Este mercado lleva abierto desde 1993, siendo antes un pequeño mercadillo que fue trasladado su ubicación actual.
Entrando por la puerta, vimos que había una masificación importante de gente mayor, como por ejemplo, el señor que iba con su carro de la compra de color azul todas las mañanas a la misma hora, la señora que siempre tenía prisa por comprar y la pareja que hablaba de la fruta que le gustaba a sus dos nietos. En la frutería se hablaba del olor que tenían las fresas, un olor dulce como la primavera, pero nosotras ya habíamos comprado la fruta en otro ligar, así que seguimos dirección a la parada a la que queríamos comprar, la pescadería, situada justo al lado de la frutería.
Al plantarnos delante de la tienda, como desde hace años, la jefa, una señora muy simpática y muy habladora, nos saludó. Después nos saludó su hija que también trabaja en ese lugar, de hecho, la pescadería es un negocio familiar.
Mi madre pidió turno, íbamos detrás de una pareja muy simpática. Mientras yo miraba desde lejos, si la carnicería había mucha gente, lo que me llevo a decirle a mi madre que me iba hacía allí para hacer la cola e ir más al grano.
Me dirigí hacia la parada, y como había hecho mi madre anteriormente, pedí turno, a la cual una mujer de mediana edad, pelo marrón castaño que iba con su carro de la compra de color granate, me contestó. Esperé un ratito, hasta que otra señora pidió turno, una señora más mayor que mi madre, que tenía el pelo gris, y con aires de superior, de señora que está aburrida con su vida; a lo que le conteste diciéndole muy amablemente, que iba detrás de mí, y así sucesivamente, se iba llenando más el puesto.
Casi llegaba mi turno para ser atendida y proseguir con mi compra. Estaba atenta a la mujer que iba delante de mí mientras pagaba con efectivo, sacando del monedero negro un billete de veinte y unas cuantas monedas. Ya quedaba menos para mi turno. Y al fin llegó, pero no me esperaba que me sucediera aquello.

Cuando la vendedora preguntó por la siguiente persona que iba a atender, levanté la mano. En ese momento, la mujer que iba detrás de mí dijo que iba ella, que yo no había pedido turno, que ella lo había pedido el turno a la mujer que acaba de pagar, lo cual no era cierto. Se empezó a montar un escándalo, la gente empezó a subir su tono de voz, había mucho ruido que rebotaba por el eco de ese lugar.
A todo esto, llegó mi madre, que ya había acabado de comprar a la pescadería. Llegó que no entendía nada de lo que estaba pasando, viendo que estaba discutiendo con una señora y que al rededor nuestro se había formado una pequeña aglomeración de personas.
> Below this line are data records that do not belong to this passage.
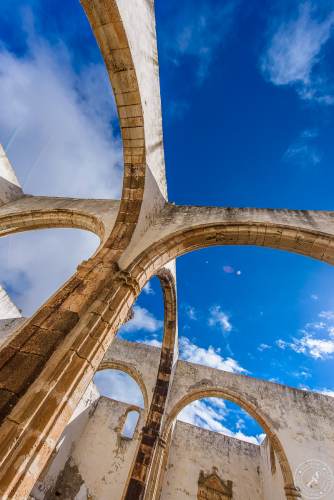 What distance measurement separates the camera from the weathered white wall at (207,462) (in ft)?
28.0

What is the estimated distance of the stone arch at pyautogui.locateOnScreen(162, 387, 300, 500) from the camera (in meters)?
6.52

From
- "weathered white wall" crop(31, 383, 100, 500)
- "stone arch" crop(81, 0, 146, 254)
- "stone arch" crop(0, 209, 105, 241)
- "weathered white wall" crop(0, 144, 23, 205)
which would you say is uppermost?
"weathered white wall" crop(0, 144, 23, 205)

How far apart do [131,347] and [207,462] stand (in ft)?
17.9

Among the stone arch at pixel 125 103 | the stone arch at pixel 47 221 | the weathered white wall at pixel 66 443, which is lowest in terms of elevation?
the weathered white wall at pixel 66 443

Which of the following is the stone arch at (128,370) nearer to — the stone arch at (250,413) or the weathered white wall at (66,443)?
the stone arch at (250,413)

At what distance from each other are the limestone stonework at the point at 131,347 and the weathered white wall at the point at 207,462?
46 millimetres

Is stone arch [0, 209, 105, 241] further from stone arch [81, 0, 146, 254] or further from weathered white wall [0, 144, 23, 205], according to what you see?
stone arch [81, 0, 146, 254]

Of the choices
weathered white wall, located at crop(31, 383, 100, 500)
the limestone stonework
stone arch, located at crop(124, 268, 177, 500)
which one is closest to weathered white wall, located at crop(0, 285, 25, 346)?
the limestone stonework

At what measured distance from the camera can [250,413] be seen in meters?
7.98

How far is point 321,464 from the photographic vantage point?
6.85 meters

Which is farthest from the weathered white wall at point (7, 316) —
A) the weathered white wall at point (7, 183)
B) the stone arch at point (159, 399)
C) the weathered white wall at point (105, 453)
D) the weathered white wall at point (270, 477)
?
the weathered white wall at point (270, 477)

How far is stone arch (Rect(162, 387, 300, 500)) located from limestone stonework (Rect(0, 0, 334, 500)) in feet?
0.12

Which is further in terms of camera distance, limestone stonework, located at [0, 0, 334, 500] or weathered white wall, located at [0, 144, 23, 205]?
weathered white wall, located at [0, 144, 23, 205]

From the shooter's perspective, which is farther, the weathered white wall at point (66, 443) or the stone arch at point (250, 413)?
the weathered white wall at point (66, 443) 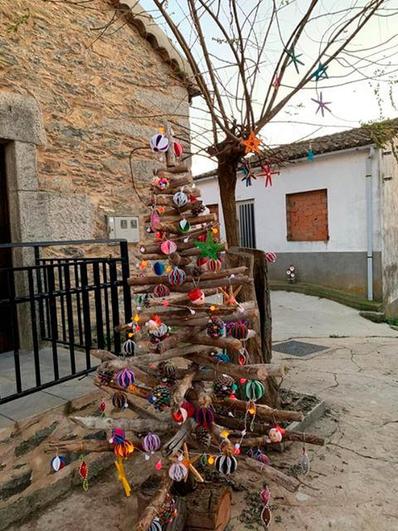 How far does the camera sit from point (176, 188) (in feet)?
7.34

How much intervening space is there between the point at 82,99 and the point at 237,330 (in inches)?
132

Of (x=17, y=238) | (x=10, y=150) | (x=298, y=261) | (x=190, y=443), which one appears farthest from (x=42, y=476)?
(x=298, y=261)

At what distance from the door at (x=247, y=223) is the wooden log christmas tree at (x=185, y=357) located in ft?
32.7

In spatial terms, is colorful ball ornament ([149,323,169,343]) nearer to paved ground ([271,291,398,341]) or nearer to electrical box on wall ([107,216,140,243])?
electrical box on wall ([107,216,140,243])

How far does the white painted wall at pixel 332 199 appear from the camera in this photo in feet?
31.7

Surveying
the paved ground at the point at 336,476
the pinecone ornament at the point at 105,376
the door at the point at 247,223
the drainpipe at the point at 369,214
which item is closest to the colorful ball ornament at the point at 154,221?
the pinecone ornament at the point at 105,376

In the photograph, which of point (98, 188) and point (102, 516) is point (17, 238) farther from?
point (102, 516)

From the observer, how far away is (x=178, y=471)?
172 centimetres

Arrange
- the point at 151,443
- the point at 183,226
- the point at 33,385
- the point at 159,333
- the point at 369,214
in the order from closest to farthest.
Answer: the point at 151,443 → the point at 159,333 → the point at 183,226 → the point at 33,385 → the point at 369,214

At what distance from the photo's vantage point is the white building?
9477 mm

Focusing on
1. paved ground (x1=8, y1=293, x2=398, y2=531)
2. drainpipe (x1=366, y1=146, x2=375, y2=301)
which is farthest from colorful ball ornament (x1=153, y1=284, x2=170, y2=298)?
drainpipe (x1=366, y1=146, x2=375, y2=301)

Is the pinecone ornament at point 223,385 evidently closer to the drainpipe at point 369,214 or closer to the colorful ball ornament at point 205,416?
the colorful ball ornament at point 205,416

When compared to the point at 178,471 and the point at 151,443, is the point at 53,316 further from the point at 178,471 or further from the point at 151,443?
the point at 178,471

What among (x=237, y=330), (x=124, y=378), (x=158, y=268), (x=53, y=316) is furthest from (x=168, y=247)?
(x=53, y=316) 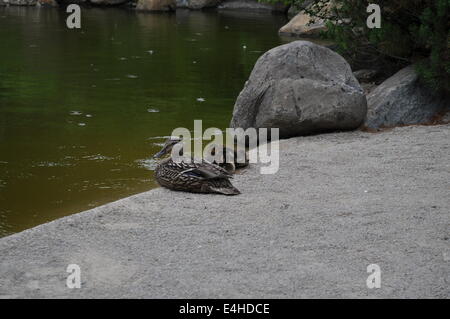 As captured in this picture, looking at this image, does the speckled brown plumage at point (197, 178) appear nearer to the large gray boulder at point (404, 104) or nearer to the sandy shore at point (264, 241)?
the sandy shore at point (264, 241)

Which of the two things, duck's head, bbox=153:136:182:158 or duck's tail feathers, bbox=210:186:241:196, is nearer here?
duck's tail feathers, bbox=210:186:241:196

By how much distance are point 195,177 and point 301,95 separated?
2.92 meters

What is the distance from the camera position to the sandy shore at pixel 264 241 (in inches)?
214

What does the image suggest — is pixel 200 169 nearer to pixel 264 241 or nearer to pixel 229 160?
pixel 229 160

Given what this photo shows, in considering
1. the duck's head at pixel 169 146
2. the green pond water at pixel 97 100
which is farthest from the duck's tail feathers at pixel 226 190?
the duck's head at pixel 169 146

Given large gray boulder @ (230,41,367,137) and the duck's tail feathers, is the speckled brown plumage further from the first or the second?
large gray boulder @ (230,41,367,137)

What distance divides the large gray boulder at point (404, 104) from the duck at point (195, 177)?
3.68 meters

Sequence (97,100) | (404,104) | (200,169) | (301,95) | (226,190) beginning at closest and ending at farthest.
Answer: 1. (226,190)
2. (200,169)
3. (301,95)
4. (404,104)
5. (97,100)

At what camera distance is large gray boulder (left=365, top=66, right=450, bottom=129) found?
11.1m

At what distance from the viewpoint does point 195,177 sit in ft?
25.8

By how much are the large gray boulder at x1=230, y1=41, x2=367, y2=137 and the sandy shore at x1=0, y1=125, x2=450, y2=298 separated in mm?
1699

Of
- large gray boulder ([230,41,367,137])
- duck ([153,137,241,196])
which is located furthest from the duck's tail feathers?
large gray boulder ([230,41,367,137])

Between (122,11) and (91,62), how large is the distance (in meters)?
16.6

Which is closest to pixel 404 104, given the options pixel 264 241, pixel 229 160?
pixel 229 160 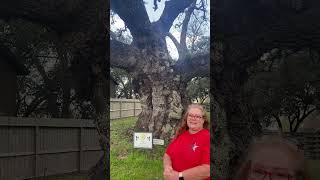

Le conté lo sucedido. Mi madre sabe que siempre pido turno cuando vamos a comprar a sitios donde hay mucha gente esperando ser atendido, dándome la razón al que estaba pasando.
Viendo que no íbamos a conseguir mucho discutiendo con la mujer que ya empezaba con los insultos, decidimos dejarla pasar y esperarnos un turno más, un poco a regañadientes. Eso sí, la señora prosiguió su compra como si no hubiera pasado nada, pagó y se marchó sin ni siquiera decir adiós, un poco maleducada. Volviendo a casa, aún seguíamos comentando lo que había sucedido.